Azubah Bearse Handy Cash aboard the Ship Columbia

Azubah Bearse Handy Cash, December 1882. GPN1537.

Azubah Bearse Handy Cash (1820-94), the wife of successful whaling master, William Cash, accompanied her husband on the 1805-53 cruise of the whaleship Columbia to the Pacific Ocean and into the Western Arctic and the Sea of Okhotsk in pursuit of bowhead whales.

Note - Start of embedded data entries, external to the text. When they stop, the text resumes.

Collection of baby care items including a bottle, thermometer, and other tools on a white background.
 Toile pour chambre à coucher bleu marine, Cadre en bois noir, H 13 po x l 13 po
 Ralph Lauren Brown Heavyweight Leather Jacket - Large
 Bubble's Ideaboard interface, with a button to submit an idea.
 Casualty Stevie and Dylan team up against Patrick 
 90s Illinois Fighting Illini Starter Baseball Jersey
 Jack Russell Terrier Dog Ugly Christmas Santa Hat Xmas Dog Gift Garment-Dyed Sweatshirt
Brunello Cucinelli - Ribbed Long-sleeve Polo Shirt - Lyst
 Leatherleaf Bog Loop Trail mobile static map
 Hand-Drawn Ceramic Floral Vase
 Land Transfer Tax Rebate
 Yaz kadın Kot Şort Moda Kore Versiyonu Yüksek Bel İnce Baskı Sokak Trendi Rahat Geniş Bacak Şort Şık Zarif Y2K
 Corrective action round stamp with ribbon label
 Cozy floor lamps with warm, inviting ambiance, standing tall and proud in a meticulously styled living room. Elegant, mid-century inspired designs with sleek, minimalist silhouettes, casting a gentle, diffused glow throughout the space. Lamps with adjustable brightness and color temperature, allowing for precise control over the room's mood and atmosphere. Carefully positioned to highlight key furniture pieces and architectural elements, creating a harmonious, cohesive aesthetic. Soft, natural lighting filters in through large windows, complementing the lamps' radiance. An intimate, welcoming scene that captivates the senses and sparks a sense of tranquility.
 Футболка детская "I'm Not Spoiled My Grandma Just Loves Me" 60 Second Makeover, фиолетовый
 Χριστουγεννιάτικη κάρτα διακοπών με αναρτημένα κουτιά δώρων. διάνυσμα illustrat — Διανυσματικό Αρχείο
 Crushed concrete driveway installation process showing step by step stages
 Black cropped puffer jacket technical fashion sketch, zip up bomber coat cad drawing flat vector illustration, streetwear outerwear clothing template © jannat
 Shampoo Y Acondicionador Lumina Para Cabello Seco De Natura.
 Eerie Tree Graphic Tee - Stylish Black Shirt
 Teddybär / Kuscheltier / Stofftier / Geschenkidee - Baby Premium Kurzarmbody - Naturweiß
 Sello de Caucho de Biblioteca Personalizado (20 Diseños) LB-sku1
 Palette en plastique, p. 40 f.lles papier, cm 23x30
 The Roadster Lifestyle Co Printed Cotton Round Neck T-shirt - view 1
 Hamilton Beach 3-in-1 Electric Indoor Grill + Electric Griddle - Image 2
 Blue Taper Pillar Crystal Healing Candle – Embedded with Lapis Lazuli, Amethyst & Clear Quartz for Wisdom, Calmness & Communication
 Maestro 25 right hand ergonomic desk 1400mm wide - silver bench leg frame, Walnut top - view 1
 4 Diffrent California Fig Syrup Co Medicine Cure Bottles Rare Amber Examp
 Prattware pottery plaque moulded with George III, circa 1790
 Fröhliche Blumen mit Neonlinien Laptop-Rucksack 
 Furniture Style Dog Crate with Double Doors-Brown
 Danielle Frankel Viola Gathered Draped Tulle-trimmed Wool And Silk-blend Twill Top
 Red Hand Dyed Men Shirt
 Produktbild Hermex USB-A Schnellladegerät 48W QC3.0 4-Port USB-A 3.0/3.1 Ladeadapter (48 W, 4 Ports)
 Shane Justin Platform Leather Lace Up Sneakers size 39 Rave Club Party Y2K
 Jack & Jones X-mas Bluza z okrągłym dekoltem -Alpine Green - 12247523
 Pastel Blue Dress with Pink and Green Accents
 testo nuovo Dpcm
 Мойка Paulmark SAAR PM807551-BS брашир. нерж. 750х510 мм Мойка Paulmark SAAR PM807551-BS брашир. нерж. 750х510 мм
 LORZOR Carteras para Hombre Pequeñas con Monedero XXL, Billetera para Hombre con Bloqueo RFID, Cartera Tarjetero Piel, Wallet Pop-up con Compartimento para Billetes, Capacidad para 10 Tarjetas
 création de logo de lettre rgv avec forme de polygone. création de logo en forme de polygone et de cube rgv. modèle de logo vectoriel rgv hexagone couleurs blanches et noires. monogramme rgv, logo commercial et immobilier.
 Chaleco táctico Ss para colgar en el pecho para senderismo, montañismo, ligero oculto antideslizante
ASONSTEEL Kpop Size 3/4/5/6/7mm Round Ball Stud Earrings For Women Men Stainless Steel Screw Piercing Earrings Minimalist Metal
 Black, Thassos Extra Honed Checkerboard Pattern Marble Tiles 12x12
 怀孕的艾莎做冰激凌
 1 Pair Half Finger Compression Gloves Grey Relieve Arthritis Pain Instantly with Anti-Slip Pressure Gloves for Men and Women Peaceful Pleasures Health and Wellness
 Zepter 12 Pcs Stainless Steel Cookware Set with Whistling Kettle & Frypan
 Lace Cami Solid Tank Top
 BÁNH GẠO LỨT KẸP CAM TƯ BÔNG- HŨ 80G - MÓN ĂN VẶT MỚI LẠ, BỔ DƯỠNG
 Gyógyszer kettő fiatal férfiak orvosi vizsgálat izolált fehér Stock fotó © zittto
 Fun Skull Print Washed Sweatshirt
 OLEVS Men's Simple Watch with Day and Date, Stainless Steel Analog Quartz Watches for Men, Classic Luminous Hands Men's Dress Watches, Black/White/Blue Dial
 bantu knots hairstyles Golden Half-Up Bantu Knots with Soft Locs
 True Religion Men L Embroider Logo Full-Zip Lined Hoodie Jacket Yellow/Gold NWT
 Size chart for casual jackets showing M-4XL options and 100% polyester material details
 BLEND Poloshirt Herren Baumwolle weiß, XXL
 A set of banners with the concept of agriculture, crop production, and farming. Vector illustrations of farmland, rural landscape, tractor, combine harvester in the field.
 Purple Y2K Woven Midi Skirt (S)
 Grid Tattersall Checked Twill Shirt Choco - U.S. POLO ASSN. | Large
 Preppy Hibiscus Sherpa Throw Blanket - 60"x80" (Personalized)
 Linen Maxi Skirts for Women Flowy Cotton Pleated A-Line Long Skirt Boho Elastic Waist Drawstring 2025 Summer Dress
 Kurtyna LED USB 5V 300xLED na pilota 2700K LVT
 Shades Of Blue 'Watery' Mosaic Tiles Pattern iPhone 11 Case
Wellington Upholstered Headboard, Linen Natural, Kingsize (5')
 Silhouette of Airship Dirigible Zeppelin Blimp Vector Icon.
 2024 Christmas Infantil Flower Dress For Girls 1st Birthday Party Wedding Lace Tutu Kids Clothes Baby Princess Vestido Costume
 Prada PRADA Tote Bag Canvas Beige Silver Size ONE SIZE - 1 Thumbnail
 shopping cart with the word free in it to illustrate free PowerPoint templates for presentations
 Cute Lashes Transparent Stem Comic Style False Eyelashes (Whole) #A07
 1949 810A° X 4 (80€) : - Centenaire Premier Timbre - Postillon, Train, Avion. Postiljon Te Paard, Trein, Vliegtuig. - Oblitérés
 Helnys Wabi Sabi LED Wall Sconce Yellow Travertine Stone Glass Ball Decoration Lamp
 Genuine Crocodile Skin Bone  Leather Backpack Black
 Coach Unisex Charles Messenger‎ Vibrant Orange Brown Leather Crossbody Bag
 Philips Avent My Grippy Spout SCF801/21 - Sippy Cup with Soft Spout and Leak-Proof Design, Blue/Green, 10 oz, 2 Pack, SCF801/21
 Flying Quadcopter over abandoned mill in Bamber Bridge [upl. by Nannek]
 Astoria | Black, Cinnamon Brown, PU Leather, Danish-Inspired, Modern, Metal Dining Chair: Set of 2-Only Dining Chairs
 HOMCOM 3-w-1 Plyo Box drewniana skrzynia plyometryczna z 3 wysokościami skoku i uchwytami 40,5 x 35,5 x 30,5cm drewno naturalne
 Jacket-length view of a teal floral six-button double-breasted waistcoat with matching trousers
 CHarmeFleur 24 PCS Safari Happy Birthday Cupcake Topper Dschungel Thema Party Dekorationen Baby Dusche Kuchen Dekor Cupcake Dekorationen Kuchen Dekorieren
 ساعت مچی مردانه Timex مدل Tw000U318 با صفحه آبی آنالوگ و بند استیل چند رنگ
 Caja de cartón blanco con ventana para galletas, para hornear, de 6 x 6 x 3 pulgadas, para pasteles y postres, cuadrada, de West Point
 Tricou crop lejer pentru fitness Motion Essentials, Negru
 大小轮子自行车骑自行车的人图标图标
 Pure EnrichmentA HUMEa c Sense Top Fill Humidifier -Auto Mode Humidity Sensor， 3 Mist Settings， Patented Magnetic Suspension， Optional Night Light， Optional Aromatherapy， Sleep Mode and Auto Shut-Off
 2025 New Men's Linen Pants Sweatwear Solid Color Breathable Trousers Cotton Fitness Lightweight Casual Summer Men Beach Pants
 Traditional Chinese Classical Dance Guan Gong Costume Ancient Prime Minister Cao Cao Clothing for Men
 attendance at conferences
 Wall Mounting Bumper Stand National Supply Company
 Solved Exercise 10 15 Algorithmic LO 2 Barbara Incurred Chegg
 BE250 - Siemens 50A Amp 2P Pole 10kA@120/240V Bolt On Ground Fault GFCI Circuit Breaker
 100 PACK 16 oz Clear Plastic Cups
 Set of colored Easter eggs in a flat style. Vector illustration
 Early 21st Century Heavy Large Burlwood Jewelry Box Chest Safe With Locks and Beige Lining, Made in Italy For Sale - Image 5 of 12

Her journal offers a rare and unusual look into the life of a young family aboard a Nantucket whaleship. Traveling with her husband and her ten-year-old son, Alexander, she records such incidents as the following on December 15, 1850:

“Mr. Luce has his boat capsized, all of them had to swim and they were fortunate that they met with no more trouble for Mr. Luce said he had the line twice round him and carried him some distance underwater. About 1/2 past 10 o’clock three boats got one onboard of the ship and the whale was dead and in an hour she was alongside the ship.  Then got dinner and have been cutting all the afternoon.  I have been on deck and in the starboard boat a-seeing them – till my face is almost blistered and Alexander’s too.  He has been darting an iron that he fixed into the sharks as they come side of the whale.  It is quite a large whale. Wm thinks it will make 70 bls. At any rate it is large and fat, I think.” 

Portrait of Captain William Cash, October 1882. GPN1536.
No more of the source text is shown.